Be careful with pkill on shared systems. Confirm process names first with:

pgrep -af process-name

Challenges

  1. Use the ps command to view the current states of all threads in a specific process. Record the states and explain the significance of each, such as R for running, S for sleeping, and D for uninterruptible sleep. Then, check the /proc/[PID]/stat file for the same process and compare the results with ps. Discuss how these commands help monitor thread behavior over time.
  2. Write a Bash script that samples thread states every second for a specific process and logs the count of each state (R, S, D, etc.). Run the script for a few minutes while the process is under load, then analyze the log to determine the predominant thread state. Discuss what the observed states reveal about the application’s behavior and possible bottlenecks.
  3. Identify a process with threads in the D (uninterruptible sleep) state, suggesting that it is waiting for I/O. Use iostat to measure disk performance during this time and analyze the output to identify potential disk bottlenecks. Discuss how iowait can impact application performance and propose ways to address high I/O wait times.
  4. Launch htop and configure it to display thread information for a specific process. Observe the states of the threads over time. Discuss how interactive tools like htop complement command-line sampling for real-time monitoring of thread behavior.
  5. Use a tool like dd or stress-ng to simulate high disk I/O on your system. While the tool is running, monitor thread states for various processes using ps and htop. Record the proportion of threads in the D state and explain how simulated disk stress impacts thread states across the system.
  6. Run a multi-threaded application on your system and monitor its threads over time.
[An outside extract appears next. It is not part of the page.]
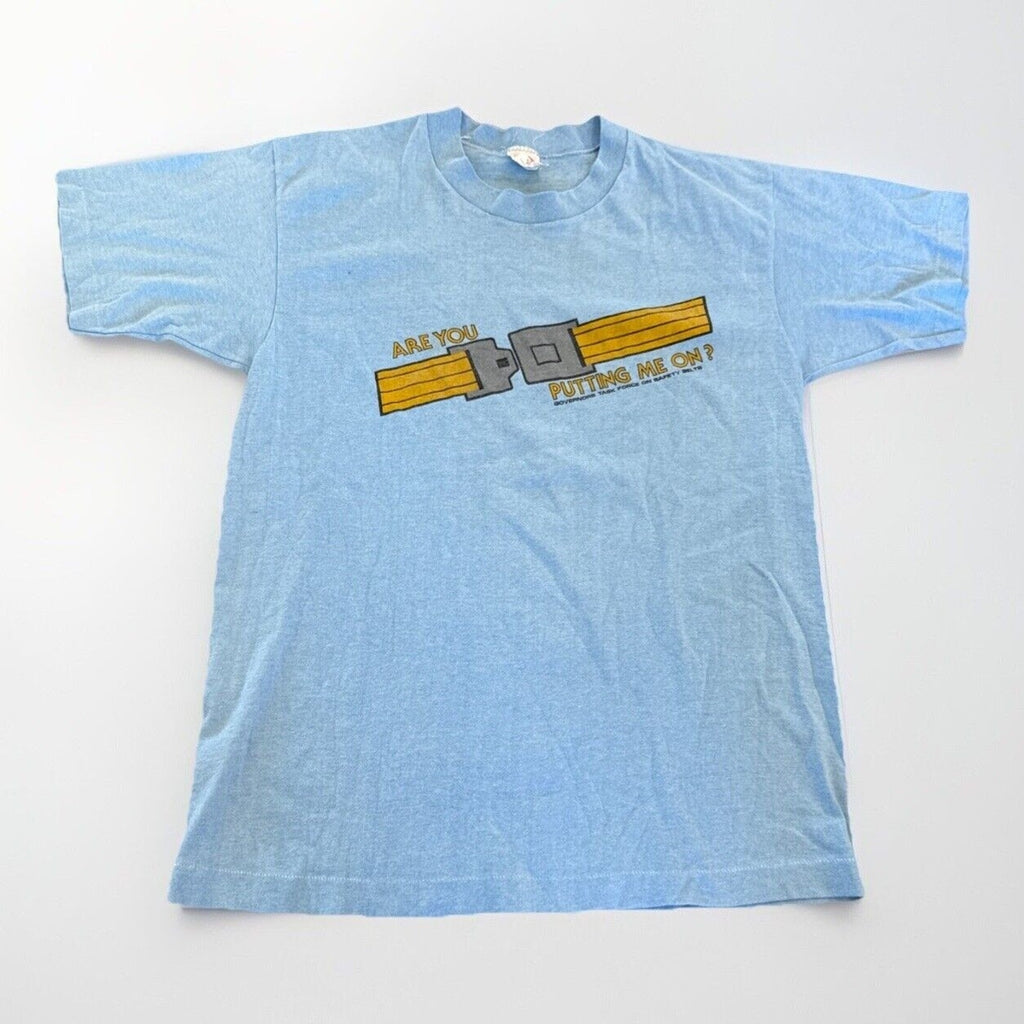 Vintage Seat Belt Shirt Mens S Blue 80s Retro Streetwear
Pay special attention to any threads in the S (sleeping) state and determine if they are waiting for locks or synchronization events. Discuss how sleeping threads might indicate contention issues and propose potential optimizations to reduce waiting times.
  7. If possible, install a database server (like MySQL or PostgreSQL) and run several queries to put it under load. Use ps or top to observe the states of database threads, particularly looking for D or S states. Explain how Task-State Analysis can help diagnose database performance issues related to I/O waits or lock contention.
  8. Use both scp and sftp to transfer a large file and monitor the task states of each tool’s threads during the transfer. Record the observed states and transfer times, then compare the results. Discuss which protocol is more efficient in terms of thread activity and overall performance.
  9. Use the perf top command while running a multi-threaded application to identify functions that are consuming significant CPU time. Discuss how perf can supplement Task-State Analysis by providing insights into CPU-bound threads and hotspots in the code, offering a more complete view of application performance.
  10. Imagine a scenario where a web application is experiencing slow response times. Use Task-State Analysis to monitor the application’s threads over time, identifying threads that are predominantly in the S or D state. Based on your observations, suggest possible reasons for the performance issue and recommend adjustments, such as increasing resources or optimizing specific parts of the application.